With the belief that the Mosque should play an essential role in the regeneration of the area of Saadiyat Island, the design serves not only the function of a religious building, but consists also an open place of gathering and interaction. This spatially unique place aims to bring people together to celebrate the rich rituals of everyday life.
Urban and environmental challenges are combined sensitively with cultural aspects and integrate with the established geometrical principals that generate the form of the building. Conceived as a new building typology, the Mosque aspires to have a strong civic presence, in an effort to synthesize spatial quality, functionality and the relationship of the building with its context, culture and the urban environment.
With a sensitive implementation on the site, the building becomes a continuation of the sea through a lifted platform serving as a Prayer Hall that expands towards infinite. Fluid formations refer to the motion of the sea in an effort to connect the building to the surroundings.
The shape of the building is a generous platform that barely touches the ground, narrowing at the top and disappearing in the air. The building’s totally unified floor plan aligns with the urban grid and extends to the sea. This volume is sliced by an inclined plane in order to face Mecca and the ocean. The slicing produces a cut in the volume that shapes a giant wave in the elevation of the building, referring to the motion of the sea.

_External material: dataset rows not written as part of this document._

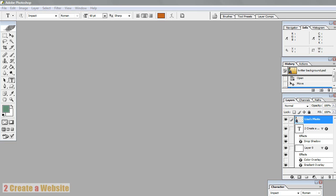Hey guys, it's Lisa from 2 Create a Website. Here today to do a little Photoshop tutorial that will teach you how to create a basic header.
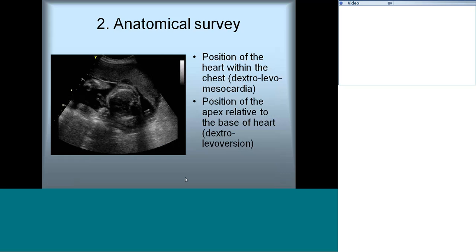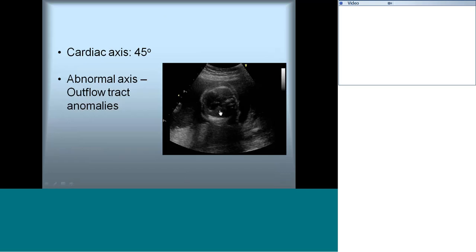The next important parameter is the cardiac axis — the angle between the line drawn across the interventricular septum and the line across the anteroposterior diameter of the chest. This angle should normally be 45 degrees plus or minus 15 degrees. Any abnormality in cardiac axis points toward heart disease, especially outflow tract anomalies.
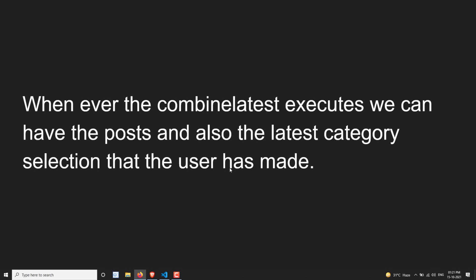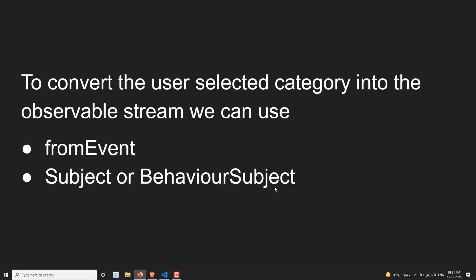Whenever combineLatest executes, we can have the posts data — already obtained via the data stream — and also the latest category selection that the user has made. So we get the latest data the user selected and we can combine both things to filter out the posts using combineLatest.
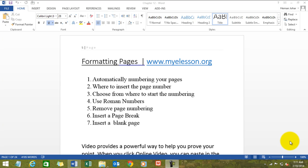Hello everybody and welcome to my e-Lesson. I'm your guru and in this video I'll tell you how to format your pages. We'll learn how to automatically number your pages in MS Word, where to insert a page number, choose what number a page starts from, how to use Roman numbers, how to remove the page numbering, how to insert a page break, and how to insert a blank page.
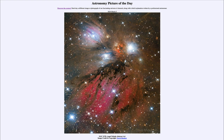So that was our picture of the day for March 5th of 2024, titled NGC 2170 Angel Nebula Abstract Art. We'll be back again tomorrow for the next picture — preview to be Star Plane, so we'll see what that is about tomorrow. Until then, have a great day everyone, and I will see you in class.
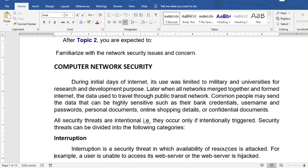During the initial days of the internet, it was limited to military-owned universities for research and development purposes. But now, common people may send data with high sensitivity such as their bank credentials, usernames, etc.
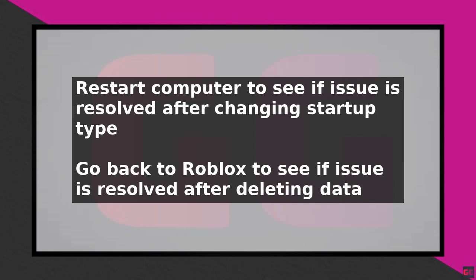Restart your computer to see if the issue is resolved. Following these steps should help resolve the issue of Roblox thinking you're on a mobile device when you're actually on a computer.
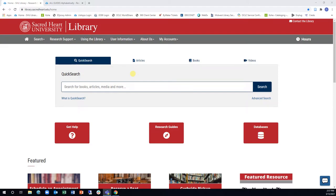There are guides for subject areas and specific courses, as well as ones that explain a little more about our library services.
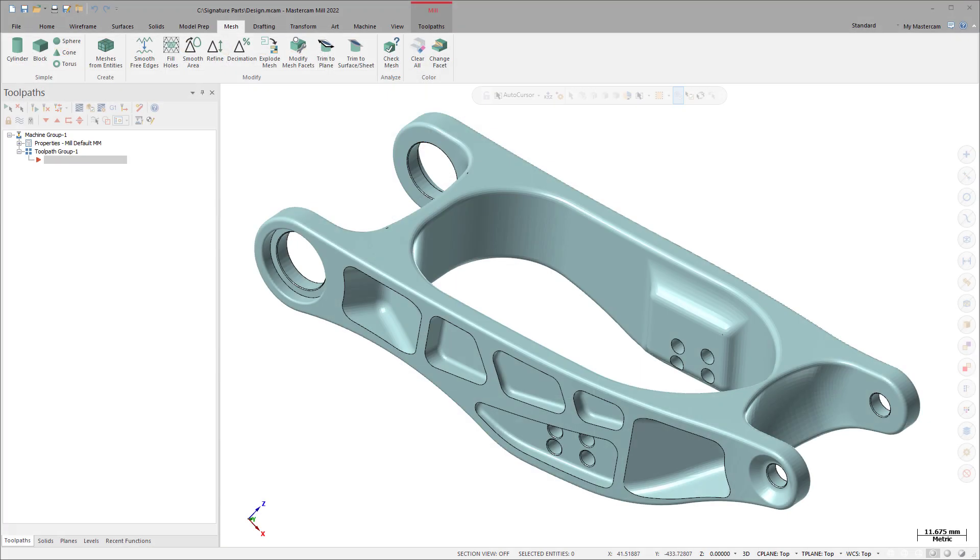The meshes from entities function allows you to create a single mesh from multiple surfaces, solid bodies, mesh entities, or facets.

Ground floor is presented as a bridge between the city and the sea while the deck extends and sinks in the water. The open shaded areas create a clear threshold between circulation and prayer space. On the street level the inviting layout forms an assembly space for urban life. Open at all times, the deck not only defines the entrance points but acts as a focal point of public life that will significantly enliven the street culture around the building. The white pillars rise up from the ground, emphasizing the overarching movements of the shape and creating a covered public space that frames views to the ocean.
Inside the vast prayer room the circulation pathways emerge through the floor in a fluid manner, providing indirect access points that do not interfere with the function of the Mosque. Only the “dunes” that lift locally the floor punctuate the totally free plan. These architectural elements together with the sinuous “mihrab”, create the landscape of the Prayer Hall, while the interior doubles the transverse dimension to enable the whole space appearing unbounded.